According to the latest financial report, Esperion therapeutics, inc. (ESPR) reported an Operating Profit of -9.96M with an Operating Margin of -11.41% this period, representing a growth of 37.86% compared to the same period last year. Operating Profit reflects the company's core business efficiency and cost control, making it a key indicator for evaluating operational strength and profitability.
In the latest financial report, Esperion therapeutics, inc. (ESPR) announced revenue of 87.31M, with a Year-Over-Year growth rate of 69.1%. Revenue growth can be driven by product mix changes, market share expansion, price adjustments, or international market penetration. Investors should also monitor gross margin and regional revenue distribution for a comprehensive view of growth quality and sustainability.
As of the end of the reporting period, Esperion therapeutics, inc. (ESPR) had total debt of 600.99M, with a debt ratio of 1.65. Long-term debt comprises a higher/lower proportion. The level of financial leverage directly impacts the company's capital structure and interest coverage. If debt is high, pay attention to interest expenses and refinancing risks. Conversely, a low-leverage structure indicates greater risk tolerance but potentially less growth flexibility.
At the end of the period, Esperion therapeutics, inc. (ESPR) held Total Cash and Cash Equivalents of 92.45M, accounting for 0.25 of total assets. Both current and quick ratios indicate robust short-term debt repayment ability.
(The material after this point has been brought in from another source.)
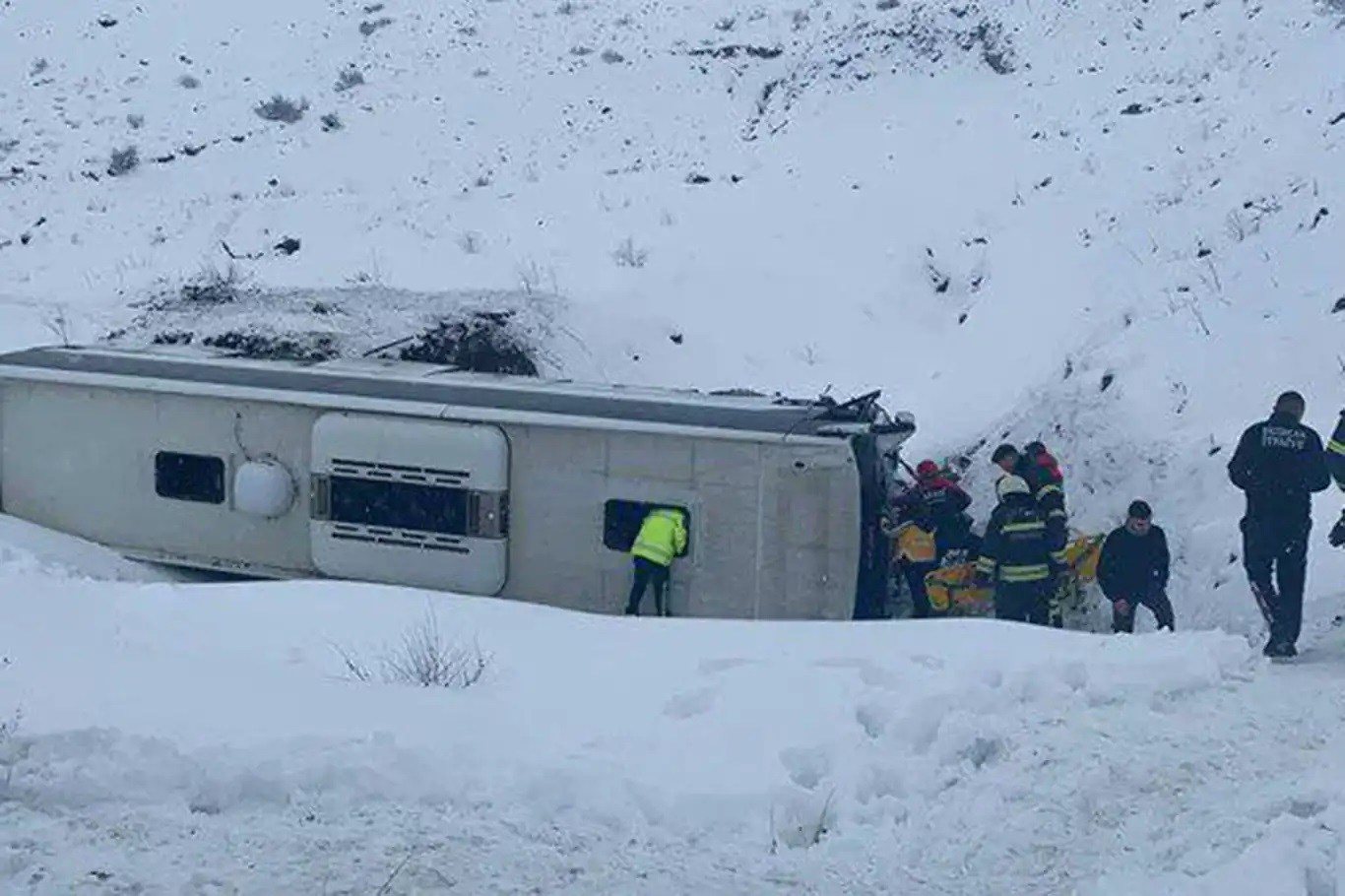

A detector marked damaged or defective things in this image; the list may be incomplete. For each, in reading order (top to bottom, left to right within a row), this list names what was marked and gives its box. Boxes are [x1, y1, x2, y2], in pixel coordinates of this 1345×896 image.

overturned bus [0, 347, 914, 622]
High cash reserves typically mean the company has strong liquidity, supporting operational needs, expansion investments, or shareholder returns.
In the latest report, Esperion therapeutics, inc. (ESPR) did not achieve the “three margins increasing” benchmark, with a gross margin of 52.7%%, operating margin of -11.41%%, and net margin of -35.9%%. This demonstrates limited improvement in profitability, which is a key signal for fundamental analysis. Investors should consider margin trends alongside other financial indicators to assess ESPR's profit trajectory and future growth potential.
According to the past four quarterly reports, Esperion therapeutics, inc. (ESPR)'s earnings per share (EPS) shows a declining trend, with the latest EPS at -0.16. If EPS continues to rise due to revenue growth and cost optimization, it can support P/E valuation recovery and attract long-term investors.
Esperion therapeutics, inc. (ESPR)'s Free Cash Flow (FCF) for the period is -4.29M, calculated as Operating Cash Flow minus Capital Expenditures, representing a rise of 87.92% compared with the previous period. Positive FCF growth provides stable funding for dividends, debt repayment, or strategic acquisitions, and is an important measure of true profitability and shareholder return potential.
The latest valuation data shows Esperion therapeutics, inc. (ESPR) has a Price-To-Earnings (PE) ratio of -5.65 and a Price/Earnings-To-Growth (PEG) ratio of -0.01. A PEG below 1 usually suggests the market is underestimating growth potential, while a PEG above 1 indicates high growth expectations are already priced in. Investors should conduct a comprehensive valuation by considering historical growth, market forecasts, and industry cycles.